I did leave them alone, but now everyone left me alone, and I was alone.
When a princess fails, the castle falls. I returned to my room, sat there confused by the cold dust I huffed in. I frowned at the disaster; the room in its perfection glared back at me. Perfect wasn’t this. When I stopped believing, the pink around me stopped its flaring. I crept into my room crooning the three words directly into a graveyard, “you're wearing
pink”. This place felt like a maze, compressed with hypnoses making me feel as though a stranger boxed these four walls around me. I ran away to a secluded space. Somewhere black, pitched and under toned. I scratched hurtful reminders off the walls, and inked the holes black to seal what was hurt.
She sipped on her tea, with the occasional relief that today was Saturday.

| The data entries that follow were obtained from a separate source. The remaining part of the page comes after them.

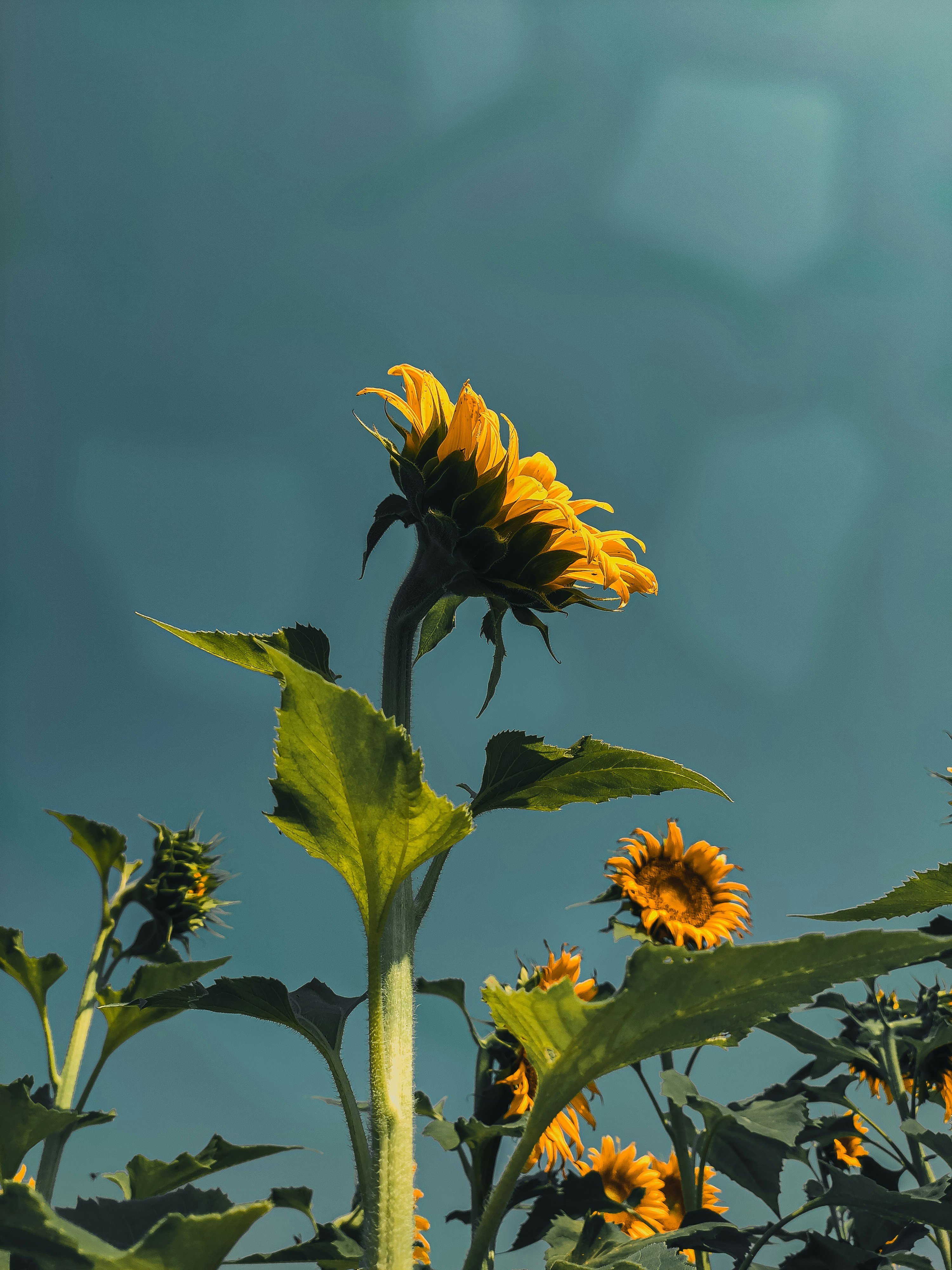 Photo by saifulislamantor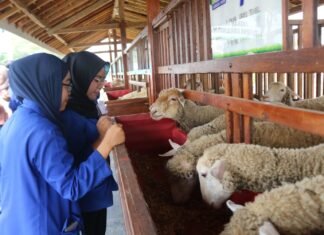 Laskar Farm Lapas Karawang Jadi Daya Tarik Kunjungan Mahasiswa Fakultas Hukum UBP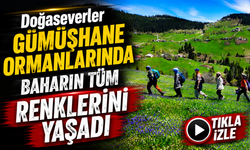 Doğaseverler Gümüşhane Ormanlarında Baharın Tüm Renklerini Yaşadı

I dreaded out of my dungeon, mumbled a short “morning” and settled down on the table. I yawned into a hunched sadness, hooped my pleading knee, then just sat there, a ray of unhappiness below my usual spirt. The little puppies of my bubbly persona emerged with the hounds of reality, making themselves comfortable. I was wearing black, inside and out. She sipped, and scored a concerned look at me. My mom, hesitant and gingerly, asked me, “So... black?”
I nodded.
“Is she already entering a phase...?” she whispered to my dad. No, Mom. I just hate pink.
I don’t hate pink anymore, I have since realized that pink isn’t the enemy. Hate is a raindrop on a passing car, a droplet hanging onto the clear glaze of the vehicle. It tightly grabs the slippery slope, but when it rains harder, the glaze starts flooding as raindrops starts blending together. The vehicle starts moving, the surface tension breaks, and the drops fall away. I was the droplet. I let myself believe in stereotypes, and I adjusted myself to mythical beliefs. I let it control my identity.
Now, people refer me as the pink haired girl, I think it’s a pleasant nickname.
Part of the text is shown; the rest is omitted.